(Records excerpted from a collection)

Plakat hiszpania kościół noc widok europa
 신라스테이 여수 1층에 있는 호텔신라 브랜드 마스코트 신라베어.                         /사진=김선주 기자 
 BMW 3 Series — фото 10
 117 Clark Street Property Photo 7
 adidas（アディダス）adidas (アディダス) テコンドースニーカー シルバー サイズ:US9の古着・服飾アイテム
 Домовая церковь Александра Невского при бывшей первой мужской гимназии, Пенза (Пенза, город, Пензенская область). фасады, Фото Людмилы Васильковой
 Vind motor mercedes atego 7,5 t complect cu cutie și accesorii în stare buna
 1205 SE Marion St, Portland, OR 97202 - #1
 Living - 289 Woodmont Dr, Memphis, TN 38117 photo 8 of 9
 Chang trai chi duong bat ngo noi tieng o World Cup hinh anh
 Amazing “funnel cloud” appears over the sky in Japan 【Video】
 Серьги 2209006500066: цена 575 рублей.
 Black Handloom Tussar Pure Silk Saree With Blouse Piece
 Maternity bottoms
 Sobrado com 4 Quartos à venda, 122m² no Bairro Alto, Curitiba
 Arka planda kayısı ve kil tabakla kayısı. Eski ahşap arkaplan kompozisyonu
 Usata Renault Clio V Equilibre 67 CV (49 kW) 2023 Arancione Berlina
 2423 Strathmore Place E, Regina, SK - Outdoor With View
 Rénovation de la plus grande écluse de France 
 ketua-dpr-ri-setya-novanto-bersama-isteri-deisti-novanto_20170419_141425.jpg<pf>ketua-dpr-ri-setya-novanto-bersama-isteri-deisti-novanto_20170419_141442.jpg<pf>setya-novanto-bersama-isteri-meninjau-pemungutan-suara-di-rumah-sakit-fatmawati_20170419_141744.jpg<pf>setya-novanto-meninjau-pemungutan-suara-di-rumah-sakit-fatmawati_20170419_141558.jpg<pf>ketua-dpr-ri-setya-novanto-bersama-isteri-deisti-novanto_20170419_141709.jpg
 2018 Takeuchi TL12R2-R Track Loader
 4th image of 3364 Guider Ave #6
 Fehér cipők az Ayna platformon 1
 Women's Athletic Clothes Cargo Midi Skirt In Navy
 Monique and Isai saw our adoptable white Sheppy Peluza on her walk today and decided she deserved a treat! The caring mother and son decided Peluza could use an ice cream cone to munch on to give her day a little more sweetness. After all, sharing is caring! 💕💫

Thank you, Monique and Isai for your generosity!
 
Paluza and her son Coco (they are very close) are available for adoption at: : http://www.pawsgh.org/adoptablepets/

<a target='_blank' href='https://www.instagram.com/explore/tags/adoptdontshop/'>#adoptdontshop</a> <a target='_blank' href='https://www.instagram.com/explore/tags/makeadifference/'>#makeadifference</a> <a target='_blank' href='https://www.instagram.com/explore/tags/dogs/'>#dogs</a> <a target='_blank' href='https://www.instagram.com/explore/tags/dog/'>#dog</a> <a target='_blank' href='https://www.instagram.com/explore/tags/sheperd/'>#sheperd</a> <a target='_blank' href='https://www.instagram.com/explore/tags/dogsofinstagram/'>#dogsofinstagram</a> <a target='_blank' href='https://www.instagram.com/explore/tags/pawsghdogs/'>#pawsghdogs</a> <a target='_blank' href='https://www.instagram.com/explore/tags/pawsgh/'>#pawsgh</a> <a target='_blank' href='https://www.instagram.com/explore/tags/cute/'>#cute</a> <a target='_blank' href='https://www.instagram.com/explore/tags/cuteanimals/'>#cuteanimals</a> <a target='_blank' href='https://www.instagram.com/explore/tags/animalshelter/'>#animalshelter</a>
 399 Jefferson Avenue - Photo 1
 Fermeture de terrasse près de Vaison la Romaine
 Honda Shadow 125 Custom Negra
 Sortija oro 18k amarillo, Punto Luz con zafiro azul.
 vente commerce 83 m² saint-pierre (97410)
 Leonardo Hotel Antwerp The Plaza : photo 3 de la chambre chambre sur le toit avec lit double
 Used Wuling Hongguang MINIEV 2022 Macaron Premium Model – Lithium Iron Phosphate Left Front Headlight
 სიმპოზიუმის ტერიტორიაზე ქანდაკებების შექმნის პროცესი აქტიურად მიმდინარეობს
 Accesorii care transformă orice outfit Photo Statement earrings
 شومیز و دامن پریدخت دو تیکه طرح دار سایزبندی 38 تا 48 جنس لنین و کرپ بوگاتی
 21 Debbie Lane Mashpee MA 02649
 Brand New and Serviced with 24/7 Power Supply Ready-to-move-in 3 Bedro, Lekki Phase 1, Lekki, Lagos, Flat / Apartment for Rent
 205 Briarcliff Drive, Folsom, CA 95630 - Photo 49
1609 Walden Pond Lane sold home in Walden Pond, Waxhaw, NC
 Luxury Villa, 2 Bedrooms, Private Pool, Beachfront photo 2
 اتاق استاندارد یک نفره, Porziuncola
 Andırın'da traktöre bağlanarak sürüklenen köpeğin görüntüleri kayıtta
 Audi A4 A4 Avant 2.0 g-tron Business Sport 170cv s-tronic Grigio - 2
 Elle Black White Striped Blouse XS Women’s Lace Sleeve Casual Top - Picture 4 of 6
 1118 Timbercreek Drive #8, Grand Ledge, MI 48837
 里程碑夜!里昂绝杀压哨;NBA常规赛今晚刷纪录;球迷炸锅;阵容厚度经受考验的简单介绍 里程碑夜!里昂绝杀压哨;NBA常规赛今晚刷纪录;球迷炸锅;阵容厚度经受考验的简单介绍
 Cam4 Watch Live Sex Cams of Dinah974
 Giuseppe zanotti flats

→ About this exercise
The required result is an exact repetition of the lines from the one containing "21 Debbie Lane Mashpee MA 02649" through the last line of the data.

→ Answer to this task
 21 Debbie Lane Mashpee MA 02649
 Brand New and Serviced with 24/7 Power Supply Ready-to-move-in 3 Bedro, Lekki Phase 1, Lekki, Lagos, Flat / Apartment for Rent
 205 Briarcliff Drive, Folsom, CA 95630 - Photo 49
1609 Walden Pond Lane sold home in Walden Pond, Waxhaw, NC
 Luxury Villa, 2 Bedrooms, Private Pool, Beachfront photo 2
 اتاق استاندارد یک نفره, Porziuncola
 Andırın'da traktöre bağlanarak sürüklenen köpeğin görüntüleri kayıtta
 Audi A4 A4 Avant 2.0 g-tron Business Sport 170cv s-tronic Grigio - 2
 Elle Black White Striped Blouse XS Women’s Lace Sleeve Casual Top - Picture 4 of 6
 1118 Timbercreek Drive #8, Grand Ledge, MI 48837
 里程碑夜!里昂绝杀压哨;NBA常规赛今晚刷纪录;球迷炸锅;阵容厚度经受考验的简单介绍 里程碑夜!里昂绝杀压哨;NBA常规赛今晚刷纪录;球迷炸锅;阵容厚度经受考验的简单介绍
 Cam4 Watch Live Sex Cams of Dinah974
 Giuseppe zanotti flats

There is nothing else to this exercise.